Kolkmann: Ja, das haben wir ja eben schon mal besprochen. Nur, wir haben jetzt den dritten Armutsbericht, ich verkürze mal den Titel. Die Zahlen von 2005 sind jetzt die, die auf den Tisch des Hauses kommen. Und es wird mit jedem Bericht schlimmer. Das kann Sie doch nicht befriedigen als Minister?

Scholz: Dass es mit jedem Bericht schlimmer wird, kann man nicht berichten.

Kolkmann: Die Schere geht immer weiter auseinander.

Scholz: Aber man kann berichten, dass es in den letzten Jahren schwieriger geworden ist. Das habe ich ja selbst gestern vorgestellt und will ich Ihnen gerne noch mal bestätigen, dass wir dort eine schlechte Entwicklung haben. Und das, was wir zustande bringen müssen, ist die Arbeitslosigkeit reduzieren, für gute Qualifizierung sorgen, für genügend Kinderbetreuungsplätze. Und wir müssen natürlich beim Mindestlohn etwas tun.

Kolkmann: Ja, das hatten Sie eben auch schon gesagt, Herr Scholz.

Scholz: Nur, das, was wir nicht tun, müssen es erst mal zaubern, sondern wir müssen ganz konkret diese vier Punkte tun. Und eines ist ganz klar, das muss man sich schon sehr deutlich sagen. Wenn man die gute Wirkung des Sozialstaates in Deutschland aufrechterhalten und verstärken will, dann geht das nicht für umsonst. Wer zugleich vorschlägt, wir sollen die Mittel wegnehmen, die notwendig sind, um Armutsbekämpfung zu betreiben, der macht etwas, was nicht funktioniert, und der streut den Bürgern Sand in die Augen.

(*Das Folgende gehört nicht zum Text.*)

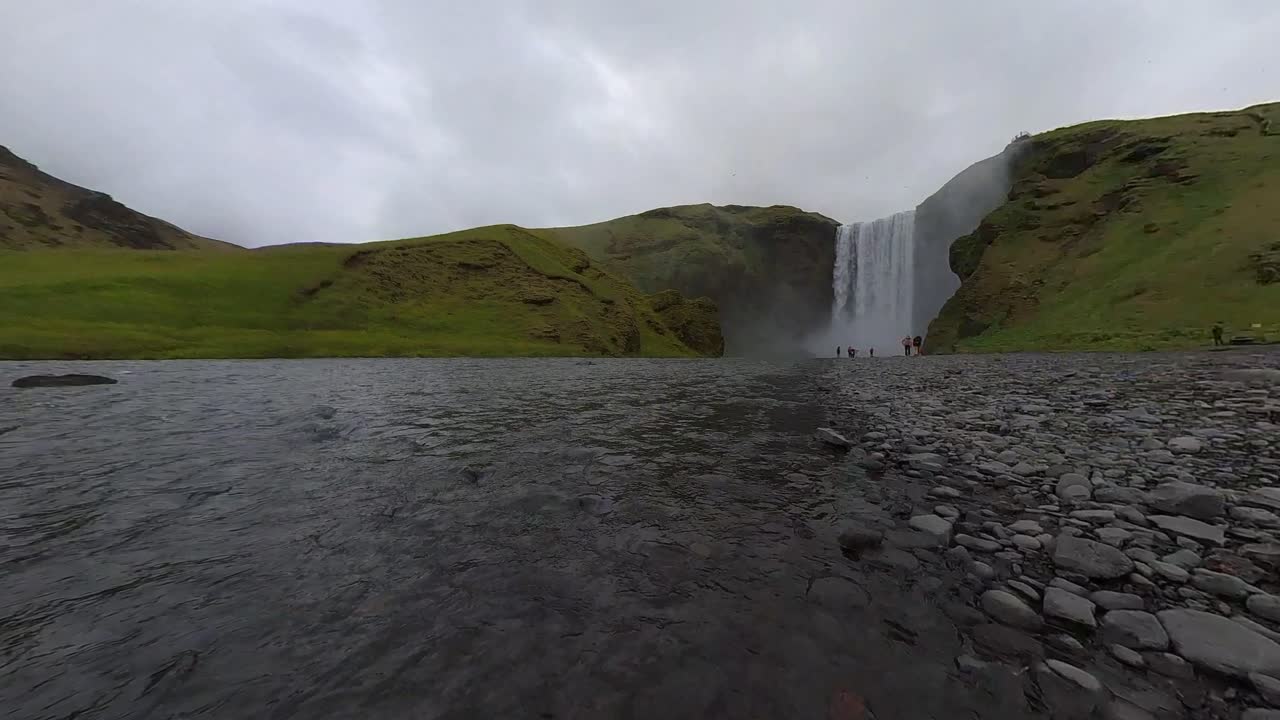 4k playa negra islandia tiempo de lapso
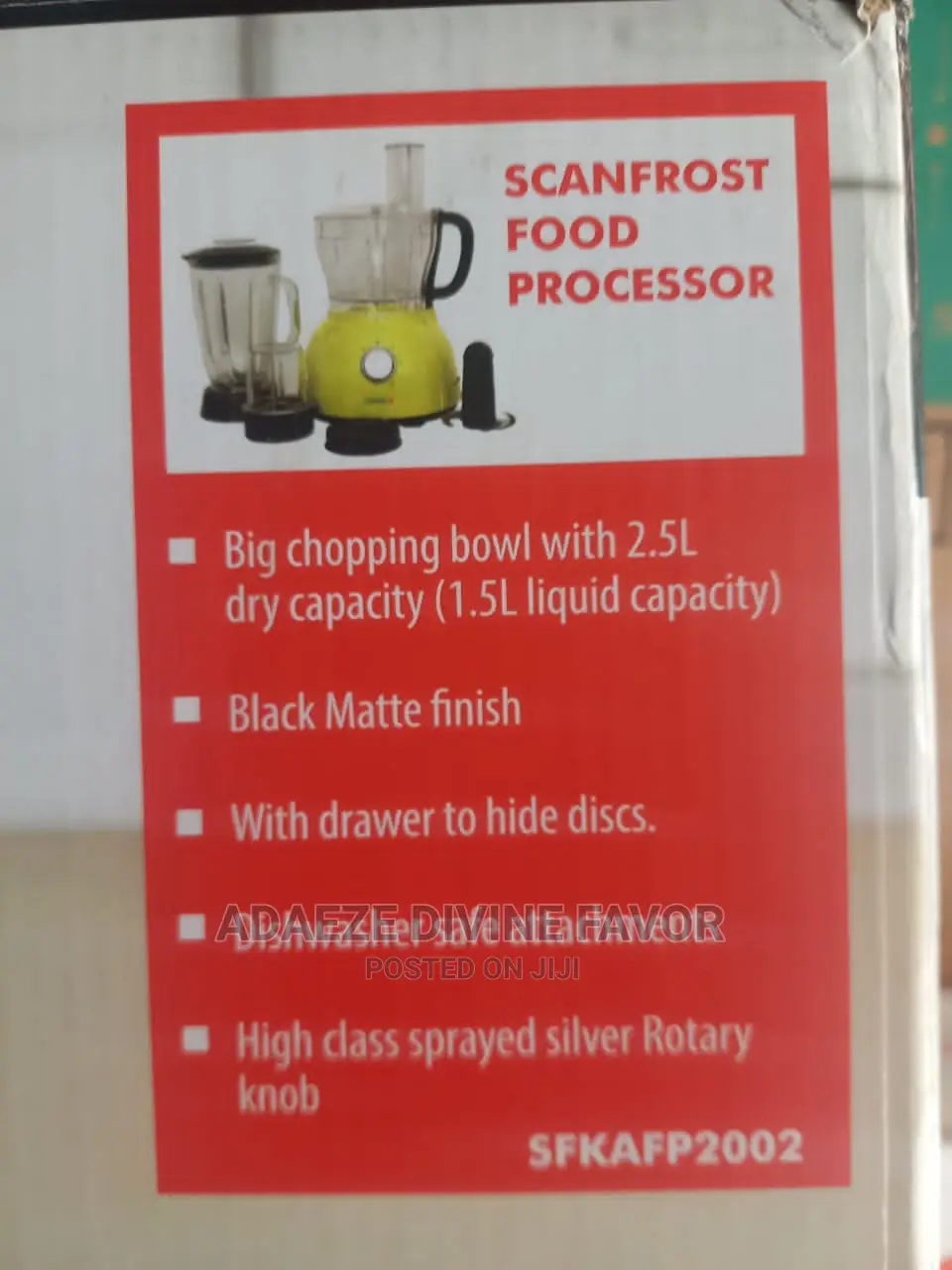 Scanfrost Kitchen Food Processor SFKAFP2002
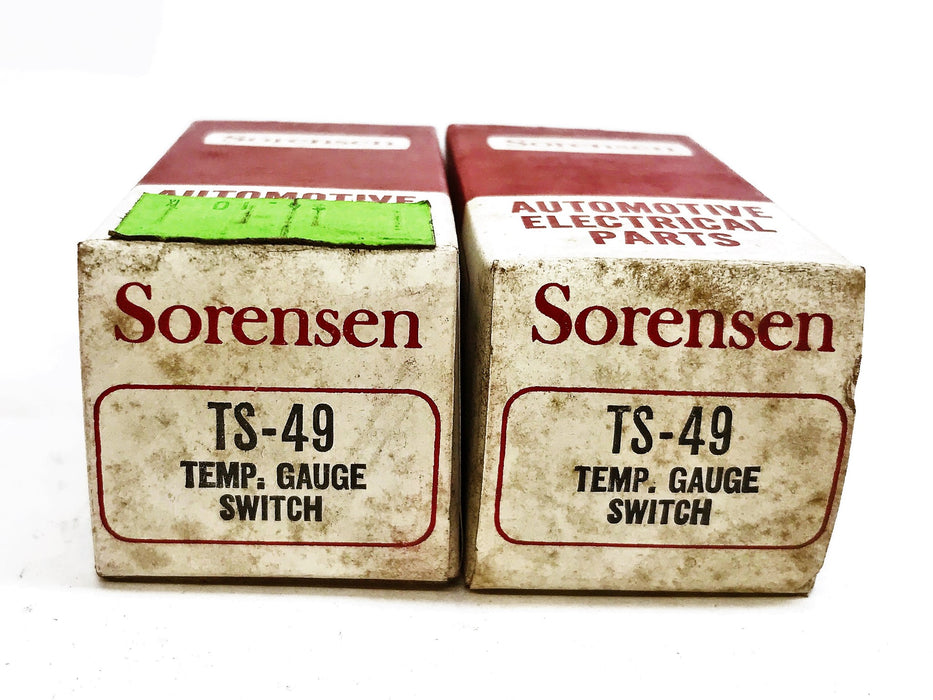 Sorensen Temperature Gauge Switch [Lot of 2] TS-49 NOS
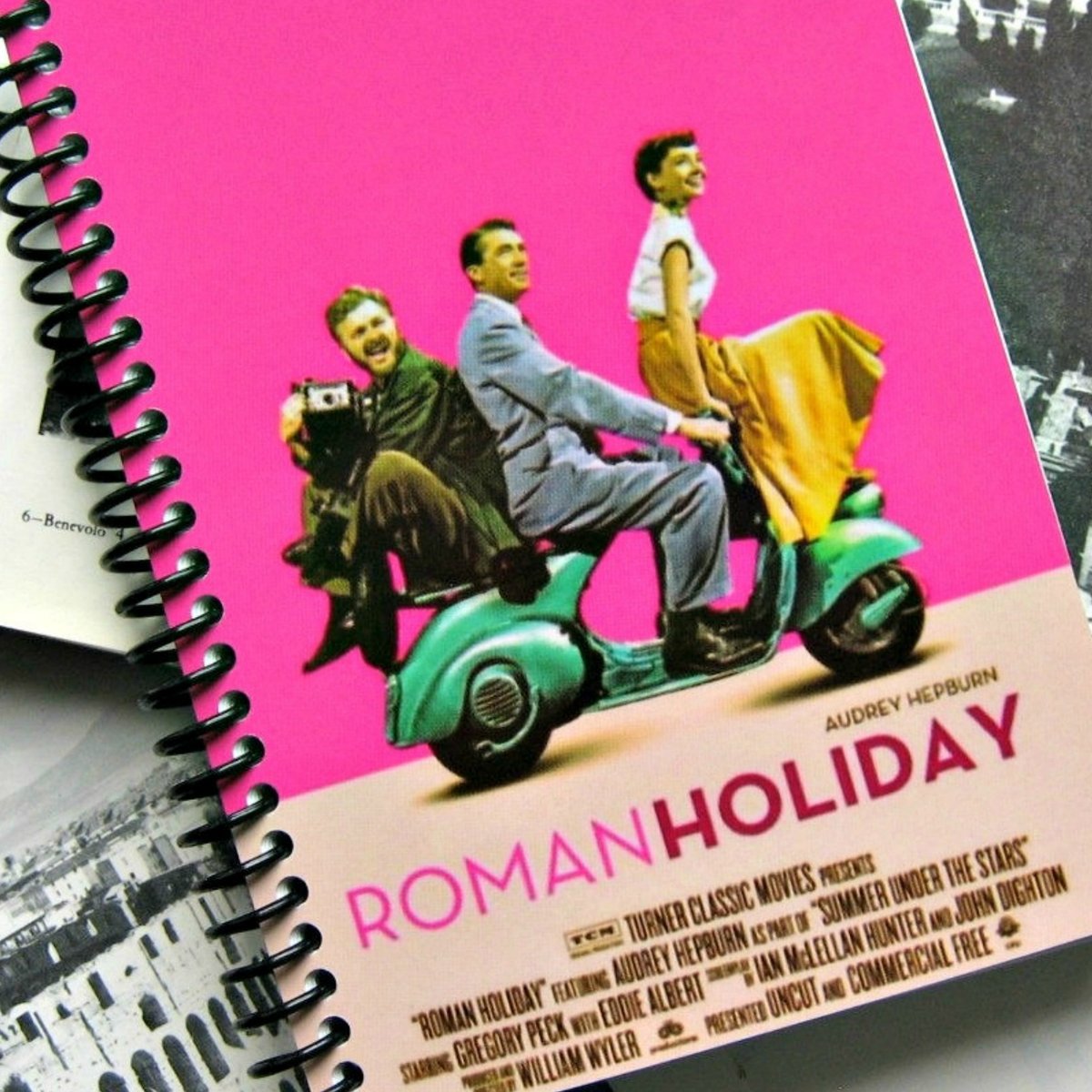 marianaypaula's tweet photo. Excited to share the latest addition to my #etsy shop: Roman Holiday, Blank Spiral Notebook A5 https://t.co/3Mw5mpHfb1 #pink #rainbow #romanholiday #audreyhepburn #traveljournal #a5notebook #plainnotebook #blankbook #pinkdiary https://t.co/wrFJxYqlrr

Kolkmann: Geht es natürlich auch um Umverteilung, dann müsste auch wieder über die Vermögenssteuer gesprochen werden und über die Frage, ob sich alle, auch die Reicheren, in diesem Lande verantwortlich fühlen, dafür, dass keine Armut entsteht. Aber wenn Sie sich einmal anschauen, dass die Schere immer weiter auseinander geht und insofern wird die Situation schon immer schlimmer, dann fragt man sich doch, was tun Sie denn wirklich Entscheidendes dagegen? Zum Beispiel, was die Chancengleichheit angeht?

Scholz: Ja, da ich mich dazu schon eben geäußert habe, wiederhole ich das gerne noch mal. Das sind die richtigen Maßnahmen, die man machen muss. Und ich wäre sehr froh, wenn man, wie Sie das ja wahrscheinlich auch so sehen, auf das deute Ihre Fragen ja hin, sich darüber einig wäre, dass es dann nicht richtig ist, wenn man bei denjenigen, die sehr viel Geld verdienen jetzt erst mal Steuererleichterung plant, denn dann fehlt uns das Geld, um die Dinge zu tun, die notwendig sind, die wir aufrechterhalten müssen und die wir verstärken müssen. Und das sind ja die konkreten Maßnahmen, die ich beschrieben habe, damit man bessere Chancen für alle schafft. Es geht nicht von selbst, aber es ist sehr genau erkennbar, was wir tun müssen. Und das sind die vier Punkte, die ich vorhin schon genannt habe. Wir brauchen Mindestlöhne, wir brauchen gute Kinderbetreuung und Schulen, wir brauchen mehr Berufsausbildungsplätze, und wir müssen etwas dafür tun, dass diejenigen, die lange arbeitslos sind, jetzt endlich eine Chance bekommen, in der besseren Konjunktur einen Arbeitsplatz zu kriegen. Wenn wir das alles schaffen, dann reduziert sich die Armut in Deutschland. Nur eins ist ganz klar. Wer denjenigen, die sehr viel haben, jetzt die Steuern senken will, der schafft es nicht.

Kolkmann: Der SPD-Sozial- und Arbeitsminister Olaf Scholz war das zum Armuts-/Reichtumsbericht der Bundesregierung. Ich bedanke mich fürs Gespräch!